Tuesday, May 10, 2016

Write On

I haven't been able to write as much lately.   This makes me quite sad because writing is what I do to clear the storms of my head.  So when I don't do it, my brain gets cloudy and end up making really dumb mistakes.  Like sending an email to my boss and others with the word boner in it.

Writing is how I discover things about myself.   Rereading journals is one of the ways I keep from making the same mistake twice, or in some cases, three times.  Sure, I always think that cutting my hair all off is a fantastic idea, until I go back to my tear soaked pages of my journal and remember how it wasn't.   If you think that sounds petty it's not.   Nothing is too petty to write it out.

Clearly American's need to re-read some history books before the election in November.. I digress.

In 1996, I wrote six pages about a guy who never called me back.  I  came up with all sorts of reasons, but the main one was that I had just cut off all my hair.  After three days, I discovered that he had mono.
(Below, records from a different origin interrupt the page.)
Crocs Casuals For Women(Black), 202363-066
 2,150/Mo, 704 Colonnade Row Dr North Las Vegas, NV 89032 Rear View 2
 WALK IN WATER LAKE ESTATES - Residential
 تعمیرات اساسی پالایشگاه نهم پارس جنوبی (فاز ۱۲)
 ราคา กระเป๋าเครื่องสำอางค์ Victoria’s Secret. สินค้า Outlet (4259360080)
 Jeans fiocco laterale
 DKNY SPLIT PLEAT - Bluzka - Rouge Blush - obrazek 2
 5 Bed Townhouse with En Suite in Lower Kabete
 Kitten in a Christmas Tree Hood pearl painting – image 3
Had I not been lost in the clouds of my self doubt I probably would have just called him. It would have saved me a lot of angst.  But at least I can reflect back on my overreaction with fondness.

Self-doubt is the ultimate severe weather storm.  And it serves as much purpose as going out in the rain with a broken umbrella.

But it occupies so much of everything I do, and because I haven't been writing it made it's way to the surface. Which means Don had our familiar "Come to Jesus" conversation that goes down like this.

Don: What is wrong, you seem quiet?
Me: Do I? I didn't think you would notice because you never listen to me.
Don: Well, I'm listening now. Whats wrong?
Me:  (Deep breath) followed by tears and inaudible blubbering about everything I'm not doing right.

What sparked this was a rug.  We have had the same rug in our living room since we moved into the house fifteen years ago.  I got tired of it.  So I got a new one, and when the rest of the family was gone, I rolled up the old one and layed down the new one.  You would have thought I replaced it with a carpet made of hair from the bathroom floor or something.   They all hated it.  Like, adamantly hated it.  Oscar clung to the old rolled up rug and cried. Literally cried.

The entire family ganged up on me and each voiced their opinion about how much they disliked the new rug.  I pride myself in my interior decor choices, so this hurt me and made me question everything.

Then I realized something.   That rug was all they had ever known.  All of them at some point laid belly down on it before they could learn to roll over. Numerous things have been spilled on that rug. Including popcorn when we would camp out laying on the floor watching movies.  At one point it was used as the Land of Sodor.  Or the ground for numerous forts. It is in the background of all their baby pictures.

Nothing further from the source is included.